Symbols of the world's religions



Mary Lloyd Dugan

"I wake up at two o'clock in the middle of the night. My inner being is clear, calm, of shining energy. I know Baba is the Truth. And He is the Truth in me. In this truth I can live a wonderful, creative life. And work for His work. For about two hours, I am in this pure happiness, freed from all the give and take of polarities."

These are the words written by Walter Mertens, one of Meher Baba's earliest Swiss disciples after the first day of his stay at Meherabad in November 1938.

Walter met Meher Baba in 1933 and later he introduced his wife Hedi to Baba. Both loved Meher Baba very dearly. As a response to their love for Him, Baba, during His visits to Europe between 1934 and 1937 spent several weeks in the Mertens' lovely house in Zurich.

I had heard many good stories about Hedi's love for Baba. I had also heard she had a large archive of photographs of Meher Baba which she had taken in India and Switzerland. So, in 1980 while returning to the States after my pilgrimage to Meherabad, I decided to see Hedi in Switzerland, although I knew she was not in good health.

At that time she was living in a little town carved out of the hills above Lugano. From the city the bus took its time climbing up the winding road to her hillside country home. The buildings at the heart of town gradually opened up to small fields of wild flowers; Hedi lived just beyond one such field.

Up until now, I had only known Hedi Mertens through her pictures — those beautiful photos taken in Zurich of her and her children sitting with Meher Baba. The time was 1934, during His eventful trip to Fallenfluh. Now, it was almost 50 years later as I made my way toward her little cottage. Feeling a bit shy, I stopped to pick wild flowers along the way so I'd have something to offer her (too late now to think of other gifts — the closest store for that was a long bus ride away).

Hedi's house was at the end of a country lane. Flowers in hand, I knocked and entered to see Hedi seated in a hospital bed, looking very stately — her long white hair brushed off her face and falling to her shoulders. Though she had suffered a stroke and couldn't walk, she was alert and enthusiastic about visitors. She soon put me at ease with her gracious manner.

The house was brightly lit, thanks to a large picture window which offered a magnificent view of the valley and the hills across the way. Hedi told me that Baba had visited this area, and from the charge of the atmosphere, I was not surprised.

Hedi wanted to know all about Myrtle Beach, and was interested in the shells I'd brought (though none of them was "perfect!"). Then she began to tell her stories. One tale in particular struck me.

In 1938 Hedi had been invited by Baba to go and live in India with the other Western women. Hers was an unusual case because she had two small children whom she had to leave behind in Switzerland.

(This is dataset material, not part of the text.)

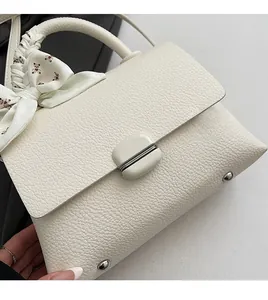 Detail of creamy white litchi pattern leather bag with floral bear scarf and metal feet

After a few months in India, Hedi received a letter from her husband, Walter, saying that the children were very ill and that even the doctors were worried. As she read the letter, she sat on the edge of her bed and wept.

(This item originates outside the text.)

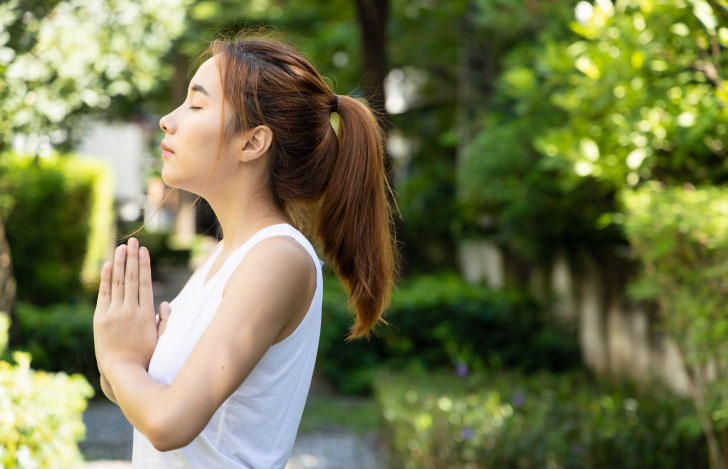自然の中で目を閉じ合掌する女性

Norina Matchabelli happened to come in and she found Hedi in her sorry state. "Hedi, darling, whatever is the matter?" she asked. Hedi showed her the letter and Norina, in no uncertain terms, said, "Hedi, you simply must take this to Baba. You must."

So Hedi, letter in hand, went off to find Baba. When she gave Him the news, Baba shook His head and looked up at her. He said, "Hedi, when you first came to India, I said to put your family in My hands. Don't you trust Me?"

"I trust you, Baba," Hedi insisted.

"I can see the children now," Baba informed her with a smile on His face and jokingly continued, "They are sitting under a large umbrella out in the garden with their grandmother. She is reading to them. And one of the children has his finger up his nose!" Everyone had a good laugh, especially Hedi who was tremendously relieved.

Soon afterwards, she received another letter from home. Walter assured her that the children were fine, and he enclosed a photograph for her. There were the children out in the garden with their grandmother — and all the details were exactly as Baba had described — one even had a finger up his nose!